- Extracellular delivery of modified oligonucleotide and superparamagnetic iron oxide nanoparticles from a degradable hydrogel triggered by tumor acidosis.
Extracellular delivery of modified oligonucleotide and superparamagnetic iron oxide nanoparticles from a degradable hydrogel triggered by tumor acidosis.
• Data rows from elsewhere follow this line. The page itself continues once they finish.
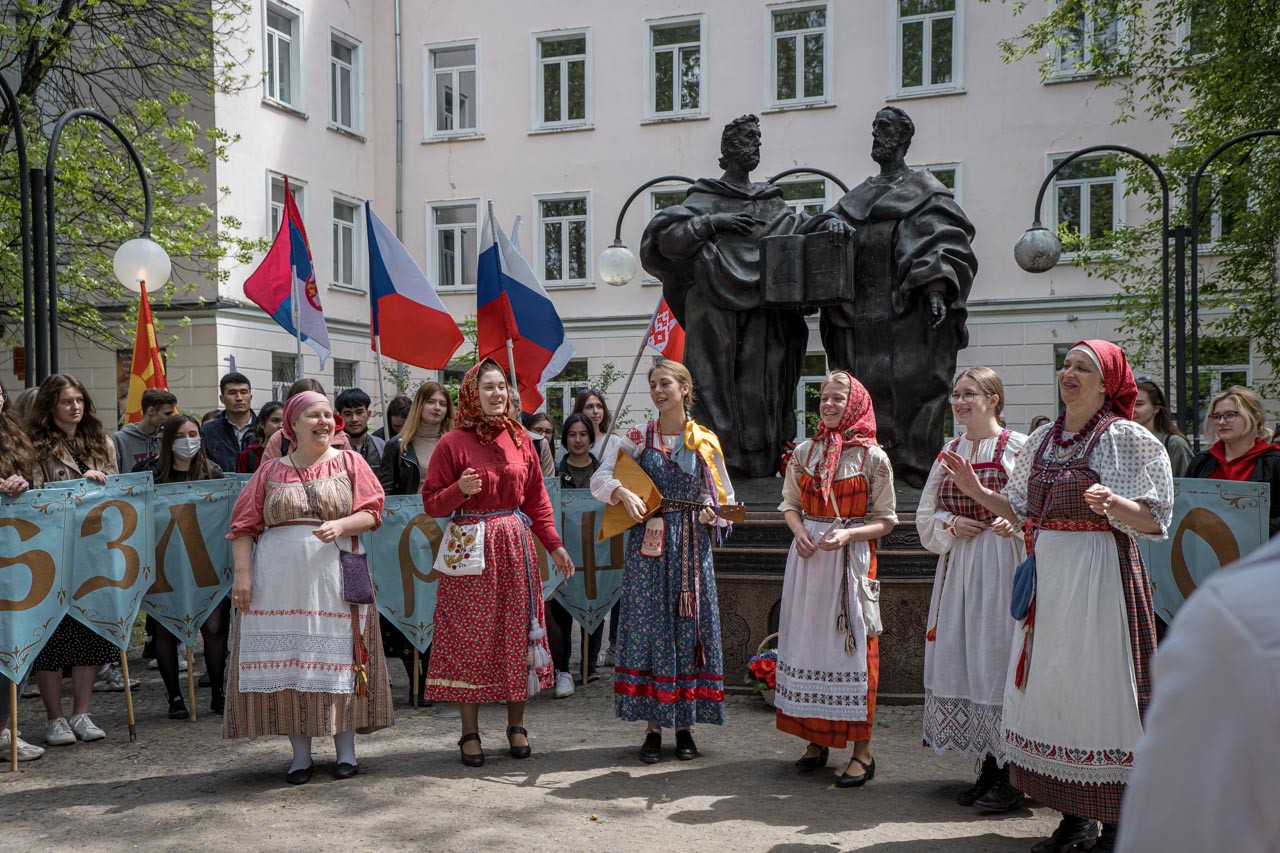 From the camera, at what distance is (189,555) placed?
7.08 m

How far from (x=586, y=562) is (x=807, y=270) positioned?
2522 mm

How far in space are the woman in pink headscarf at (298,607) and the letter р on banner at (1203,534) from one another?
13.2ft

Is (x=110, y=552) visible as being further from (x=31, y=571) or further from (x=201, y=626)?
(x=201, y=626)

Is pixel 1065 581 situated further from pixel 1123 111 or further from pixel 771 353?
pixel 1123 111

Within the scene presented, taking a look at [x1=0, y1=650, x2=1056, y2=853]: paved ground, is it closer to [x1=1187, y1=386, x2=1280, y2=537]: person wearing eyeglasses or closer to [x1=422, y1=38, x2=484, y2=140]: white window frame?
[x1=1187, y1=386, x2=1280, y2=537]: person wearing eyeglasses

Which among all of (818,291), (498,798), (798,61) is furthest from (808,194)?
(498,798)

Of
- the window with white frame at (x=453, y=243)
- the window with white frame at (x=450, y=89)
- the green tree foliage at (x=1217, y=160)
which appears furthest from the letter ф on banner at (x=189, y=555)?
the window with white frame at (x=450, y=89)

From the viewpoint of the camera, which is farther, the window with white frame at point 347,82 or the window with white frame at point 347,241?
the window with white frame at point 347,82

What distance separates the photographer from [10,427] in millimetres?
6070

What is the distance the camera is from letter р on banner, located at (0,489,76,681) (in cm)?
587

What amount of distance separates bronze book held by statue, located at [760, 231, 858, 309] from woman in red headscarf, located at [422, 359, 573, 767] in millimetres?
2932

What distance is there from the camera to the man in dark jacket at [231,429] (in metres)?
8.37

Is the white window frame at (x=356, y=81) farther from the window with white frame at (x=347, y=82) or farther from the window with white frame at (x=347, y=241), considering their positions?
the window with white frame at (x=347, y=241)

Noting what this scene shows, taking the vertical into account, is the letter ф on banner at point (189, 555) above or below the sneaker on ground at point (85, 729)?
above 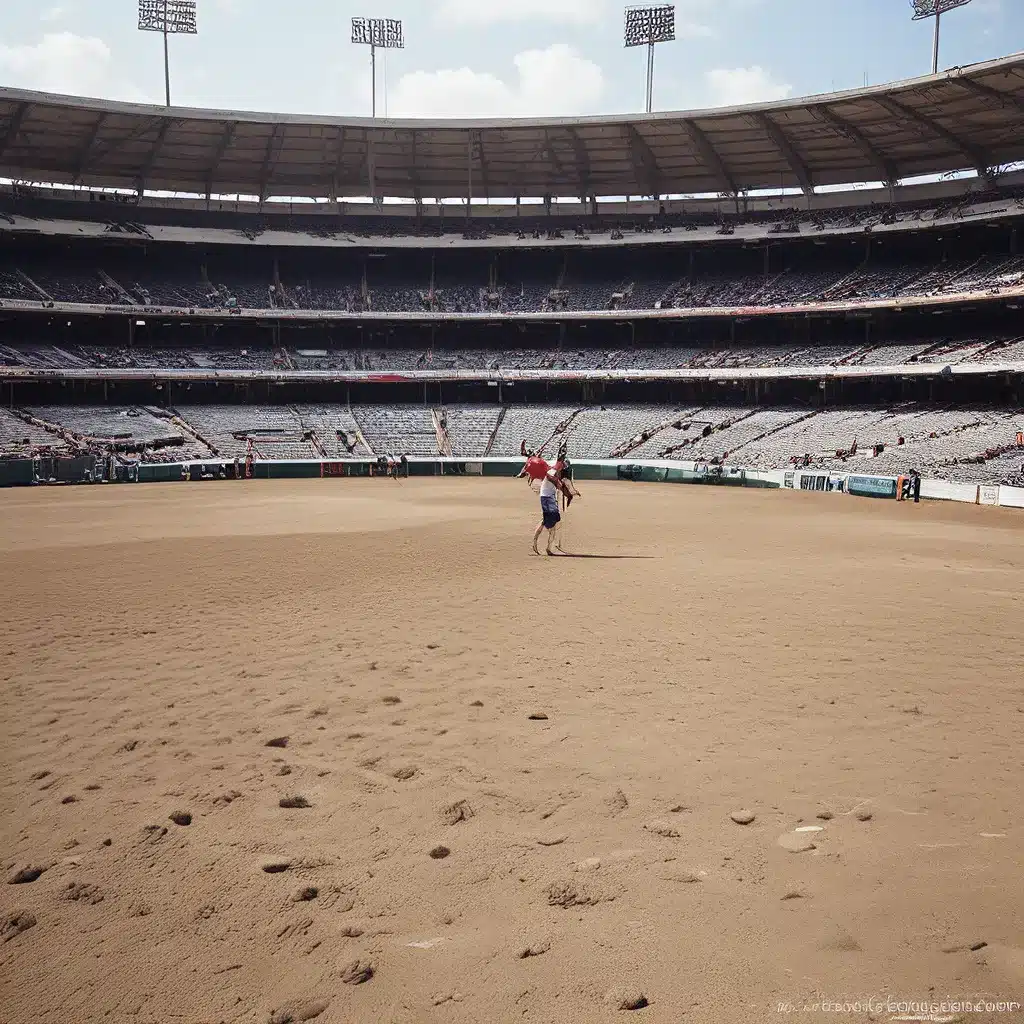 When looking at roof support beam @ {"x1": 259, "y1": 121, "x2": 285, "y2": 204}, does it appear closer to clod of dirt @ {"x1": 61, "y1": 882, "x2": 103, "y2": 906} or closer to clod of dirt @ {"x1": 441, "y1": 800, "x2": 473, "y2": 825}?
clod of dirt @ {"x1": 441, "y1": 800, "x2": 473, "y2": 825}

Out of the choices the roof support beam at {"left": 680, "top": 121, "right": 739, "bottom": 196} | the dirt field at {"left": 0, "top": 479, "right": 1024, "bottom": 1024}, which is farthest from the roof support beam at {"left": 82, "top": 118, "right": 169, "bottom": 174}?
the dirt field at {"left": 0, "top": 479, "right": 1024, "bottom": 1024}

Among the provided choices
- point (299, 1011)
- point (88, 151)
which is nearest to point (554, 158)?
point (88, 151)

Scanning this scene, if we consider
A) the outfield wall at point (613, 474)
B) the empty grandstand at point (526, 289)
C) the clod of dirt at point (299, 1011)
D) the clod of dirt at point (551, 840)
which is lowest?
the clod of dirt at point (299, 1011)

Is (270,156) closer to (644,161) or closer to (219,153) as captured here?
(219,153)

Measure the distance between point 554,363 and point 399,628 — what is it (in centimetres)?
4818

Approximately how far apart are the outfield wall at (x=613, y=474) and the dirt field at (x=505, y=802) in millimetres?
21676

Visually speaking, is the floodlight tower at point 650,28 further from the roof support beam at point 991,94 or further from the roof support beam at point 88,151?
the roof support beam at point 88,151

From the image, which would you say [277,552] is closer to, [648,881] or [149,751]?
[149,751]

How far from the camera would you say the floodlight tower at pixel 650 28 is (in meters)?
56.5

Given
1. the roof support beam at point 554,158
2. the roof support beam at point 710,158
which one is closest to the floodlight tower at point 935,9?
the roof support beam at point 710,158

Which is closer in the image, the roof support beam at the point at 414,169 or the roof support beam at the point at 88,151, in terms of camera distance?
the roof support beam at the point at 88,151

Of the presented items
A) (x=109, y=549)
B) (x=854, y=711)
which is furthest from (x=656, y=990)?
(x=109, y=549)

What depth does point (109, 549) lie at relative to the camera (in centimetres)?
1777

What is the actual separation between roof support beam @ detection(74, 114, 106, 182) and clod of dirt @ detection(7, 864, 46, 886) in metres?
56.1
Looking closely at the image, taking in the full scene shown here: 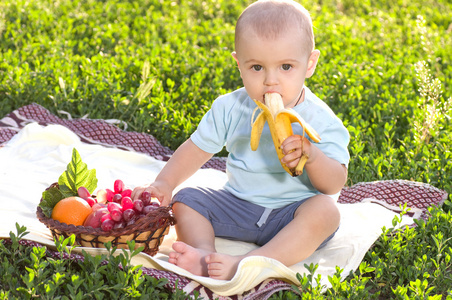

Chemically modified antisense RNA oligonucleotides (antagomir) offer promise for cancer therapies but suffer from poor therapeutic effect after systemic administration. Chemical modification or loading in degradable hydrogels can offer improvements in the accuracy and efficacy for sustained delivery at specific sites. In our approach, antagomir were entrapped with degradable poly(ethylene glycol) (PEG)-based hydrogels, with and without incorporation of imidazole. Superparamagnetic iron oxide nanoparticles (SPION) were simultaneously loaded with intent for magnetic resonance imaging (MRI). The incorporation of imidazole into the PEG hydrogels led to a tunable-pH-response that dictated hydrogel swelling ratio and release rate of antagomir and SPION. As a result, the PEG-imidazole hydrogel swelling ratio and degradation over a 5 week period changed up to 734% and 149% as the pH dropped from 7.4 to 6.7, respectively. The swelling ratio of PEG-imidazole hydrogels was completely reversible over repeatable cycles of pH change. The stimuli-responsive behavior of PEG-imidazole hydrogels was used for the release of antagomir and SPION under conditions consistent with tumor acidosis. This manuscript demonstrates feasibility in designing tunable-pH-responsive hydrogels for loading multimodality therapeutic and contrast agents to enhance the bioactivity of chemically modified antisense RNA oligonucleotide and SPION for acidosis-related tumor therapy and MRI imaging applications.